The energy flow from the atmosphere to the ocean generates an aerodynamically rough ocean surface. If the energy flow is sufficiently strong, in some points of the surface, waves loose their stability and eventually break in the form of whitecaps of various scales. The turbulence associated with the breakers produce the aerosols in the form of jet and film drops from the bursting of air bubbles. The aerosol droplets transfer water vapour, heat, pollutants and bacteria through the air–water interface. They are easily transported by wind over large distances. In this way, marine aerosols influence the optical features of the atmosphere, which are of fundamental importance for the remote sensing of the surface and they play an important role in climate variations.

The amount of marine aerosols rising from the sea surface depends on the coverage of the sea by breaking waves or whitecaps, and the rate of intensity of breaking. Much of the uncertainty in sea aerosols production and gas transfer arises from weaknesses in the parameterization of wave breaking and related processes.

This book describes the mechanisms of wave breaking, based on the theoretical and experimental achievements published in literature as well as on the author's experience. Special attention is paid to selection of the wave breaking criteria, and to development of the wave breaking probability and estimation of the energy dissipation due to breaking.
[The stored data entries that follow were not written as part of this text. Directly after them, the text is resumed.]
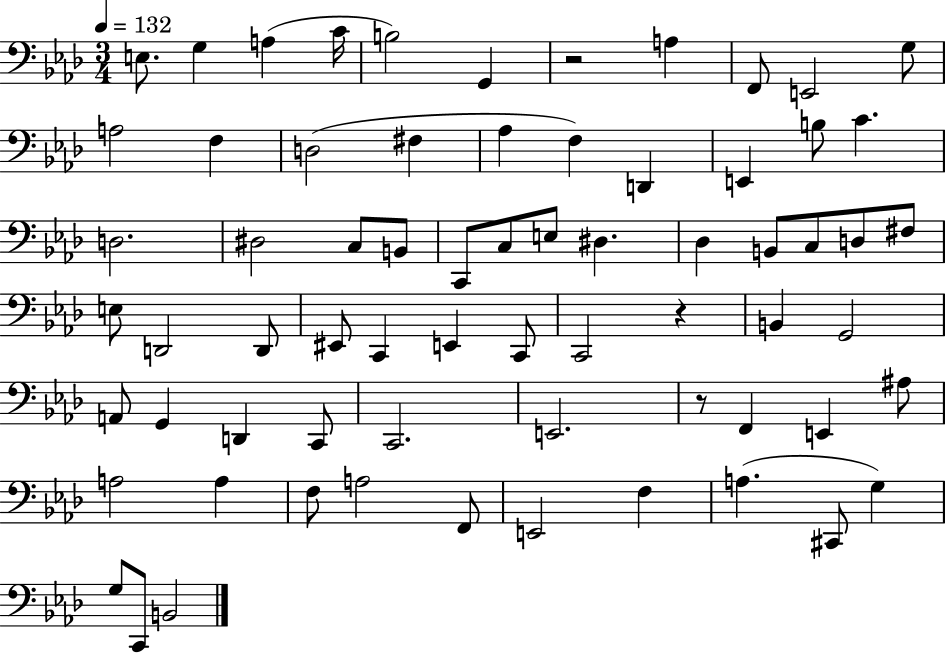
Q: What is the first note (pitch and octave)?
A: E3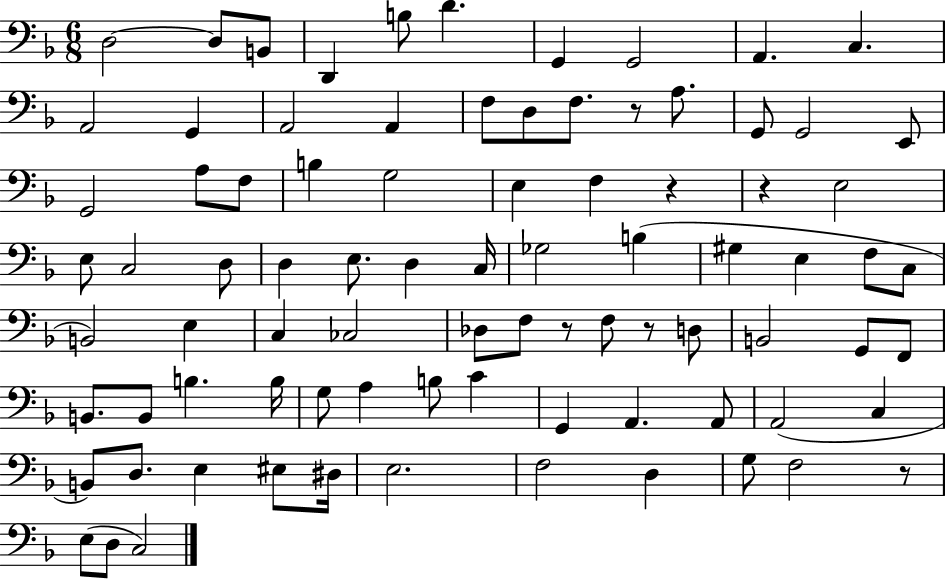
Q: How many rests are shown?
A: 6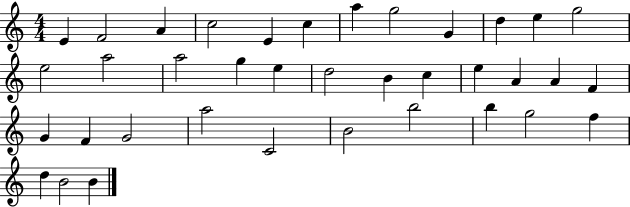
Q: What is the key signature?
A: C major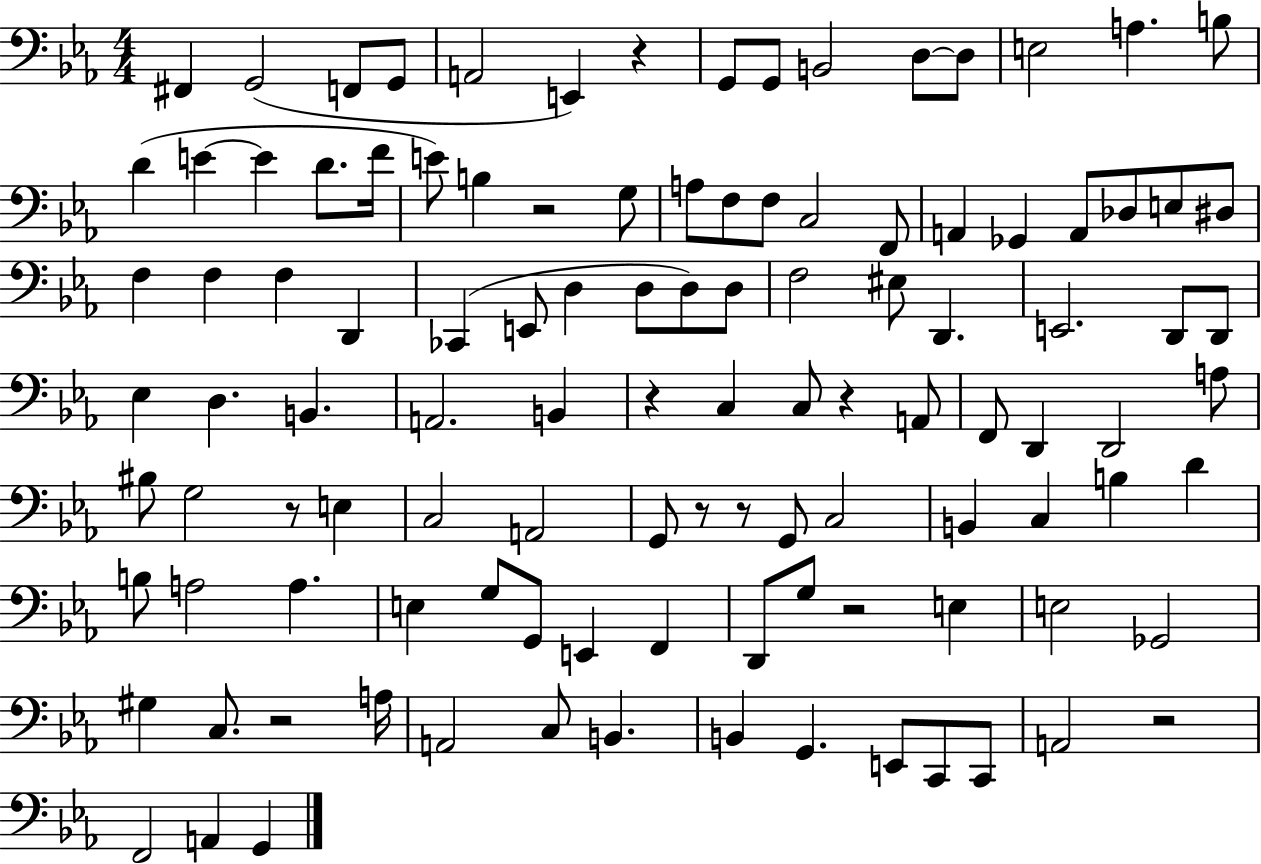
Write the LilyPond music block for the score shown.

Secondly, the book examines the relationships between wave breaking and marine aerosol fluxes and gas transfer from the sea surface. In general, an amount of marine aerosol rising from the sea surface depends on the coverage of the sea by breaking waves orwhitecaps, and on the rate of intensity of breaking. The wind speed, commonly used in prediction of the whitecaps coverage, is only one of the factors determining the wave energy and probability of the breaking occurrence. It is more appropriate to find the linkage between the percentage of sea surface covered by whitecaps and the sea state characteristics (i.e. the significant wave height and spectrum peak frequency) and the amount of energy dissipated during wave breaking and its relationship with the aerosol fluxes.